Validating HTML input using libxml

This post was originally made on the Assanka blog. Assanka was acquired by the Financial Times in January 2012, and became what is now FT Labs. Learn more.

It’s often the case that as web developers, we need to ‘clean’ input from end users to ensure it does not contain any nasty formatting or script that we don’t want to allow on our sites. Forums in particular often suffer from either security holes that allow cross site scripting attacks (XSS) or are so restrictive in what they allow to be input that it causes a nuisance to the user (for example, disallowing all HTML but allowing BBCode instead).
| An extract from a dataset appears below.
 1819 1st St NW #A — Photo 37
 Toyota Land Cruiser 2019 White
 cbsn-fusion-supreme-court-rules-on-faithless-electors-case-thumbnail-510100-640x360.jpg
This problem is often solved with complex classes or functions in PHP that are designed to strip out the nasty stuff while allowing as much useful formatting as possible. We realised that these functions are pretty much just reinventing the wheel, because there is already a pretty good mechanism for parsing and validating XML syntax: libxml, which has PHP bindings and can be accessed using SimpleXML.

What’s more, libxml can parse an XML document for conformance to a DTD, so if you include an XHTML Transitional DTD in your XML code string, you can check that the markup is valid XHTML.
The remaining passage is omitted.